I, too, love Hawaiian music, but I think the mandolin was likely only used as a chordal instrument in the background. I can't recall ever hearing it used as a lead instrument mixed up front.

----------


## psann

this is a copy of a message from the fretted friends list:



Aloha Kakou, (Greetings to everyone)

This is a gift (Makana) from the Kamahamaha Schools.

It is great (Maika`i) You can play along with the songs in their 
book.

Download book here 
http://ksdl.ksbe.edu/nahenahe/Nahenahe_Series01.pdf

Listen to the radio program using the book here 
http://nahenahe.ksbe.edu/

I spoke with Henry, the director, and he suggested that we send an 
email to the school in support of other courses like this. That is 
how they get funding. They need to know that their programs are 
benefiting the community.

Enjoy.

Joyce
www.ukuleleuniverse.com
www.ukuleleclubs.net
www.alohayall.net

----------


## swampstomper

Jethro liked to play Hawaiian tunes -- listen to his blistering Indiana March (w. Jerry Byrd) on the "Jazz from the Hills - Country All Stars" CD. Not the soft Hawaiian sound, but typical of the marches.

----------


## Gary S

Some fun Hawaiian tunes I used play on the mandolin were,
Hilo March
Little Grass Shack
Beach at Wikiki
Hula Blues

Listen to Sol Hoopi, Jerry Bird, R Crumb and others. Ry Cooder did a fine Hawaiian record with Gabby Pahinui that probably has some mandolin. Good luck...Gary Silverstein

----------


## om21ed

i just got back from a Hawian vacation. really enjoyed all the music, esp. the slack key guitar which i was thinking one could include some mando, although I gather that traditionally its a solo form--but I heard it with simple uke strum accompaniment--anyone tried it with mando. I was thinking of that Ry Cooder disc (Chicken Skin Music ? another name for slack key I think) Any old recordings of mando hawian duets out there ?

----------


## delsbrother

Ditto Cooder/Gabby Pahinui records..

For more vintage mando stuff look for CD reissues of John Kameaaloha Almeida and King Bennie Nawahi.

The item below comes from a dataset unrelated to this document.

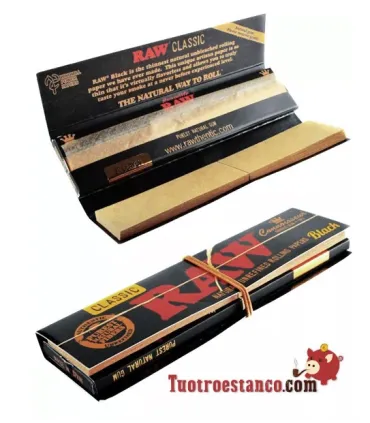 Papier RAW King Size BLACK Connoisseur de 110 mm + Pourboires - 24 unités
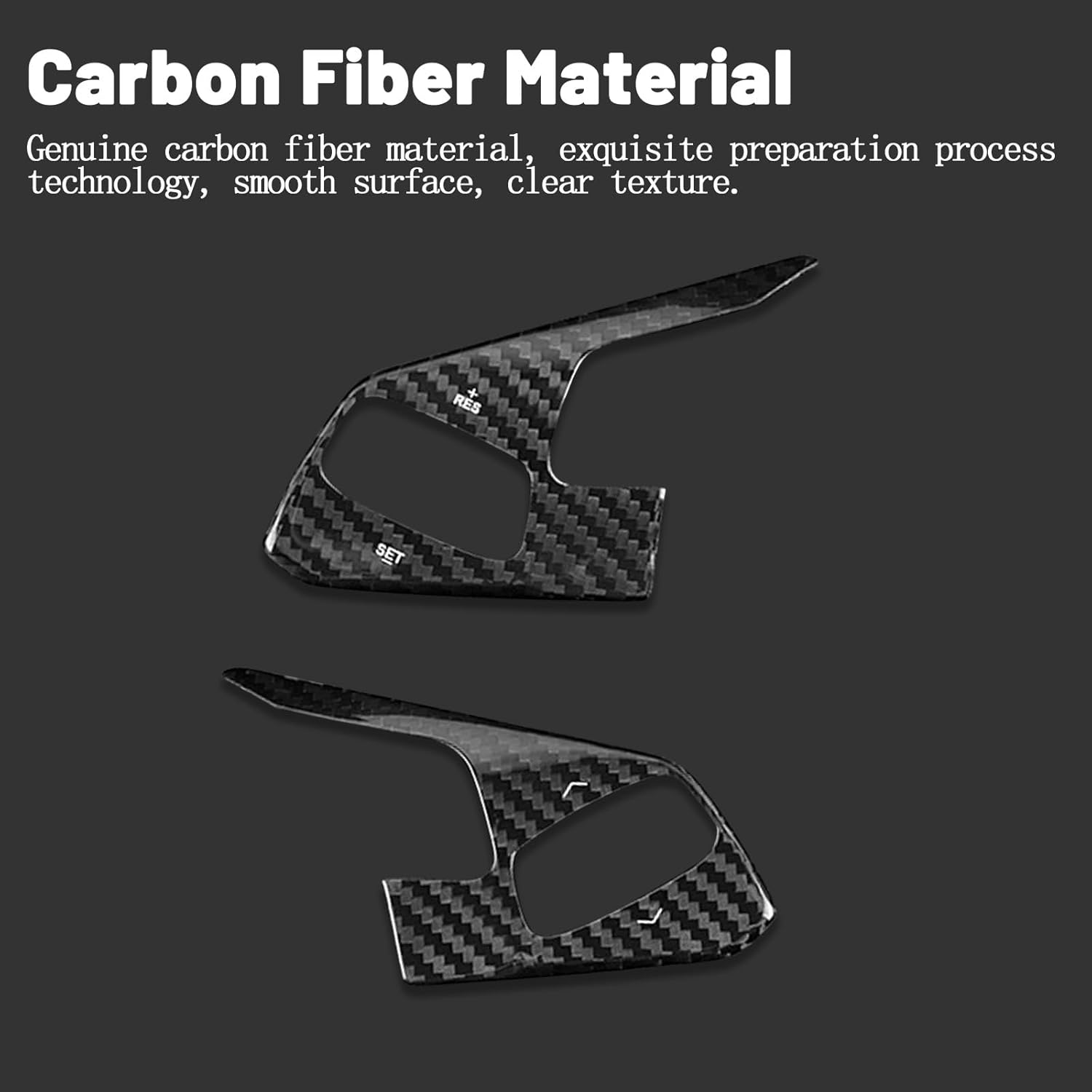 Compatible wth Carbon Fiber Steering Wheel Button Trim Automotive Modified Decoration for Chevrolet Corvette C8 2020 2021 2022 2023 2024 (2PCS Black)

There are also pictures of Hawaiian bands with mandolins (even harp mandolins), but I think the consensus is most were strung as taro-patches and not mandolins.. I think a lot of that music has been lost to time - for example, harp guitars (and harp-_Hawaiian_ guitars! ) seem to have played an important part in early Hawaiian music. Anyone know what that stuff sounds like?

----------


## Sellars

I just found out that Ry Cooder is playing mandolin on the opening track of the Rough Guide to Hawaii. I'm not a big Ry fan, but his playing blew me away!

Man! The mandolin fitted so well that is makes you wonder why it hasn't become one of the standard instruments in Hawaiian music.

Are there any leads or suggestions to learn to play this style on the mando?

----------


## Sellars

Is there a general lack of hawaiian enthousiasts on theis forum or are you all asleep?

----------


## WireBoy

we're all asleep bruddah. we like hawaii music just fine, but#we're on island time.

----------


## mandolooter

Makaha Son of Niihau have mandolin on a few of there older albums.  I'll have to go back and look before i post which ones tho.

As for island time , well I moved away in 93 and Im still on it! Okole maluna folks! Im pau...

----------


## Wesley

www.dancingcat.com is a record label website that has a lot of historical info, links, lists of guitar tunings ect. It's worth checking out.

----------